The world was just quietly going on without me. And would have continued going on without me: I’m just a freaking drop in a ocean of people. I do have something to contribute? Well, I’m welcome to do so. As everyone else on this galaxy (an maybe beyond) is.

I have met great people, and it took me time to learn their names (who knows me well, understands that is not because I don’t care - it’s because I have a shitty memory). I met terrible people, and their name stick to my mind like super-glue: funny how certain things work.

The C++ interview at Boundary Row. My terrible English. The cute Scottish engineer. Canning Town Station. The twin room with John. Boundary Row. Bootcamp Donatello. My team. The first year with Majid. Breaking up with Ale. The flat with the colleagues/friends. Mr Vladimir Stoyanov. Going back to Ale. Waterloo. Serage and John. Filling the washing machine with dish soap and the foam covering the floor. Spilling coke over my MacBook Pro, yelling “O’Madonna! O’Madonna!”, cleaning it and reselling it on eBay like it never happened. The heavy snow. Me falling down like an idiot while trying to walk on the freaking snow. Orange Labs. Luca. Mobeen, Rafel and the other guys. Losing Vincenzo, Alessandra and Manuela. Betfair. Having gay colleagues (such an honor and a satisfaction to say it back home! - I can’t resist to write this down: for me IT IS a BIG deal working with free men). Paul. Matt. Rediscovered the pleasure of Cycling. Losing almost no weight. Still loving it. Maj. Gui. PhantomJS. Finally finding an Open Source project to which I feel like contributing something. The Stanford AI class. Ariya. Neustar. Here.
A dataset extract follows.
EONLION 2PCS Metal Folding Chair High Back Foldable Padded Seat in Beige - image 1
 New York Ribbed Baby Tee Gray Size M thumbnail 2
Well, more or less it’s all there. Almost 5 years (will be five this April), and they have passed so fast. A friend of mine just tweeted:

... where did time go?

USA, a totally new place. A place where, apparently, everyone wants to be. A place where everything else is not THIS good. The place where, if you are strong enough, you can actually make it, and make it BIG. Is here the place for me? Could I live in such non-European culture? Don’t know, maybe not.

What I can though, is work with great engineer, develop new stuff, have fun, challenge difficult problems, solve some of them, fail at others. Hopefully, keeping low the number of failures: I’m here to succeed.

Yes, I know, I’ll be working mostly from UK, but this doesn’t matter anymore: I learned that truly I can make something of myself. I just need to have fun! That’s all it is: what I do for job is fun. Learning or applying: it doesn’t matter. Learning is when I start modelling ideas in my head. Applying is when I prove that those idea were good (or shit, as Jobs would say).

I’m in! And I like it.

PS Sorry, I know the title suggested I’d have talked more about my experience so far in USA. I just pushed the random button this time and blew off some dust off those boxes at the back of my head. Have fun with it.